#### [EXERCISE DIRECTIONS]
Going line by line through the records below, write out everything starting with the line containing "Giantex Foot Spa" and going on through the line containing "Avocado beach girl", exactly and inclusively. Pictures do not go in.

START INFORMATION SHOWN

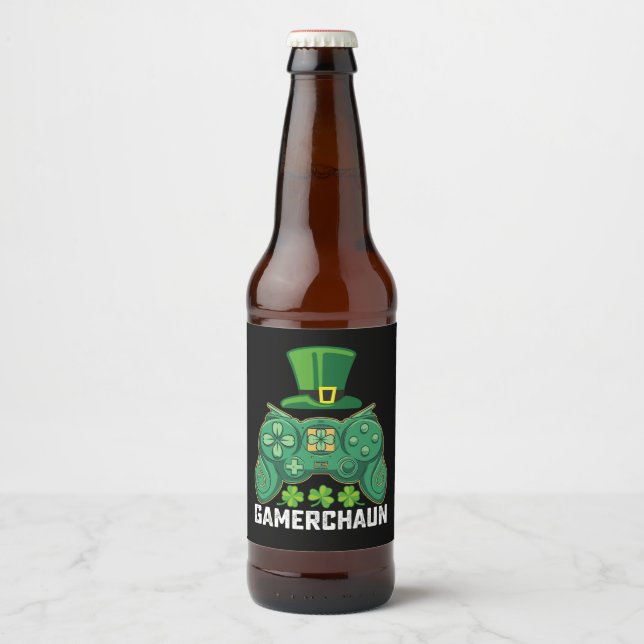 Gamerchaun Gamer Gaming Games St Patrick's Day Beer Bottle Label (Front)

END INFORMATION SHOWN
START INFORMATION SHOWN

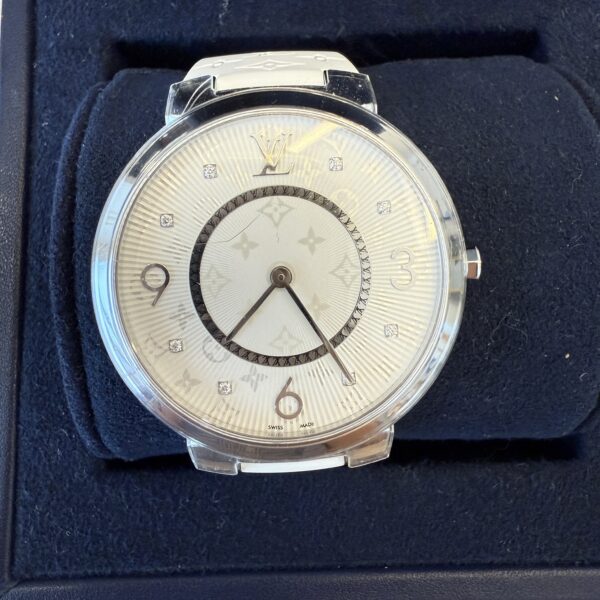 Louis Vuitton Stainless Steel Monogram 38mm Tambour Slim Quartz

END INFORMATION SHOWN
START INFORMATION SHOWN

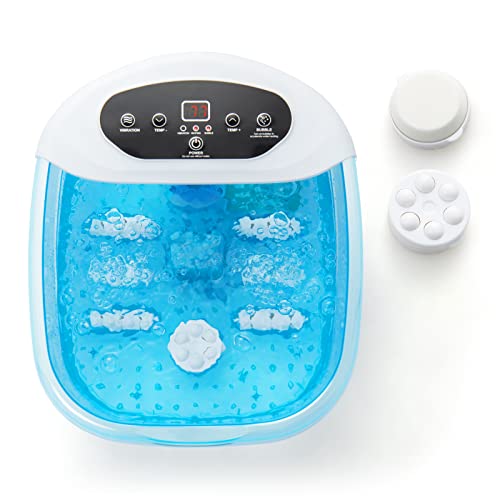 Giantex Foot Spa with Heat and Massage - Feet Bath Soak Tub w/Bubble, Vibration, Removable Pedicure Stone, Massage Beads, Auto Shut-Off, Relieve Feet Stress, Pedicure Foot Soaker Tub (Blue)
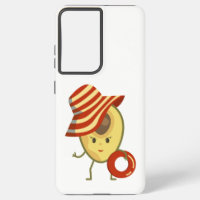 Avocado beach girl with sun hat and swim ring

END INFORMATION SHOWN

#### [RESULT OF THIS TASK]
 Giantex Foot Spa with Heat and Massage - Feet Bath Soak Tub w/Bubble, Vibration, Removable Pedicure Stone, Massage Beads, Auto Shut-Off, Relieve Feet Stress, Pedicure Foot Soaker Tub (Blue)
 Avocado beach girl with sun hat and swim ring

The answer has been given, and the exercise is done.